§ Exercise requirements: The required result is an exact copy of the lines from the one containing "2024 Porsche Cayenne photo 5" to the last line of the records, both ends included, without pictures.

*** Begin section ***

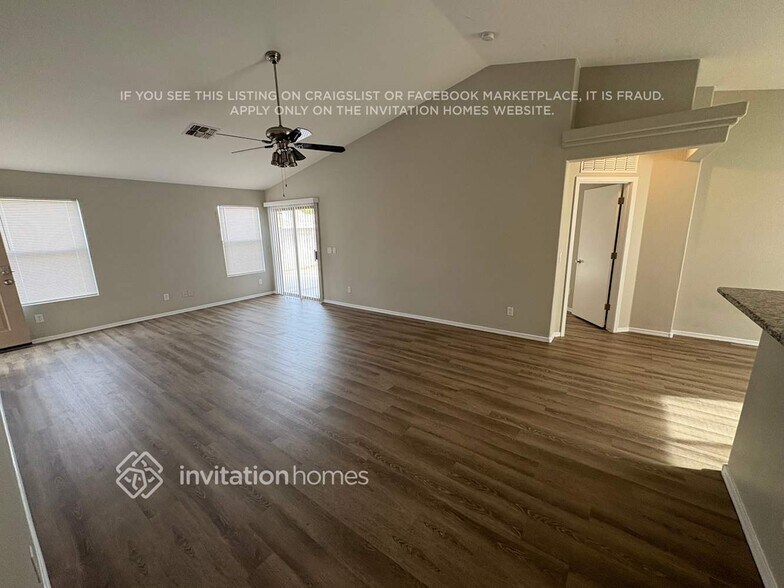 Building Photo - 14113 N 126th Ave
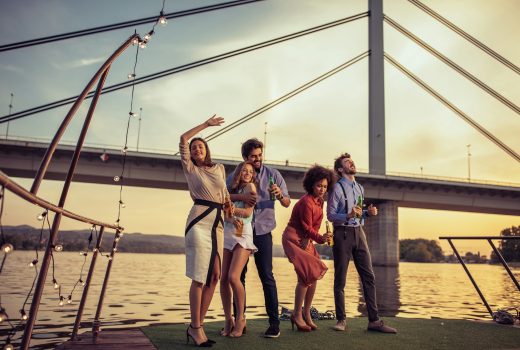 Groupe de jeunes amis s'amusant à la fête en bateau
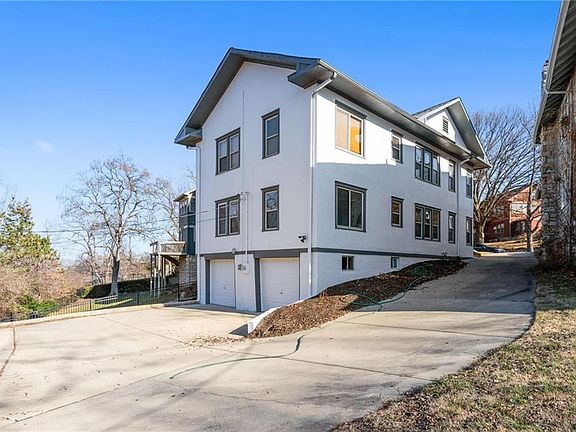 4th image of 4916 Forest Ave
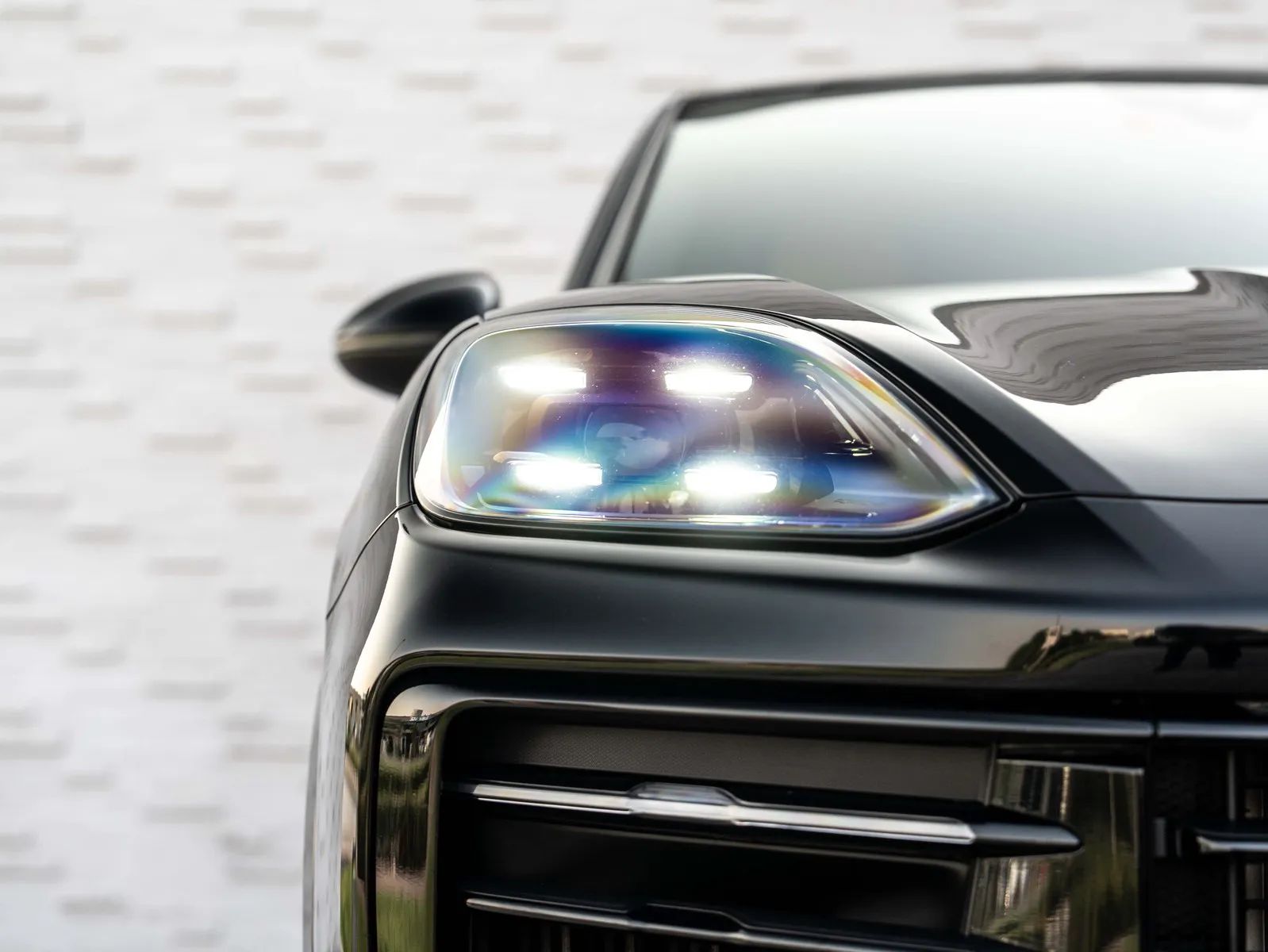 2024 Porsche Cayenne photo 5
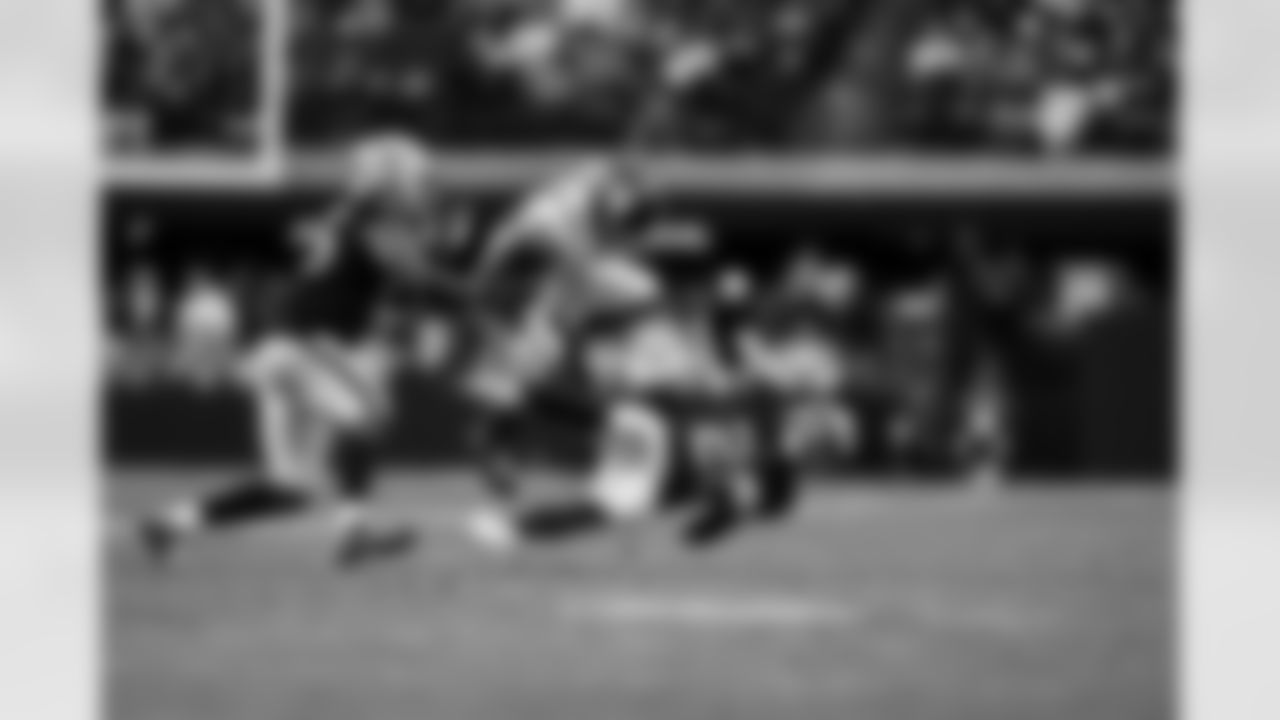 RB Tyrone Tracy Jr. (29)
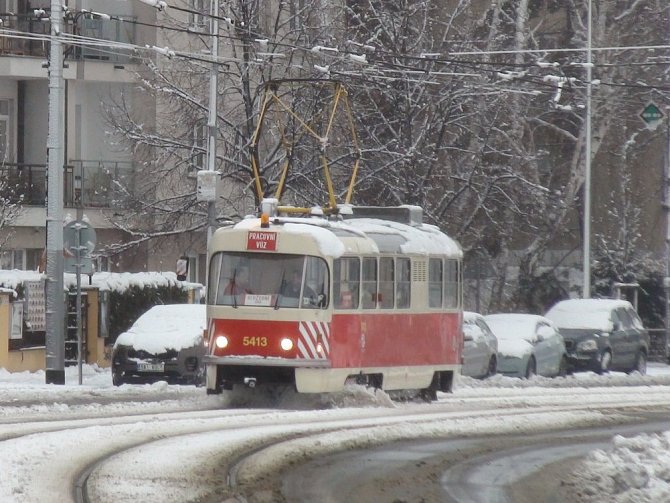 Pluhová tramvaj musela do akce kvůli sněhu v Praze.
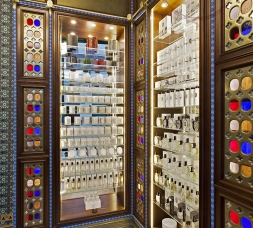 高端木質化妝品展柜，實際店鋪擺放效果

*** End section ***

§ Problem solution:
 2024 Porsche Cayenne photo 5
 RB Tyrone Tracy Jr. (29)
 Pluhová tramvaj musela do akce kvůli sněhu v Praze.
 高端木質化妝品展柜，實際店鋪擺放效果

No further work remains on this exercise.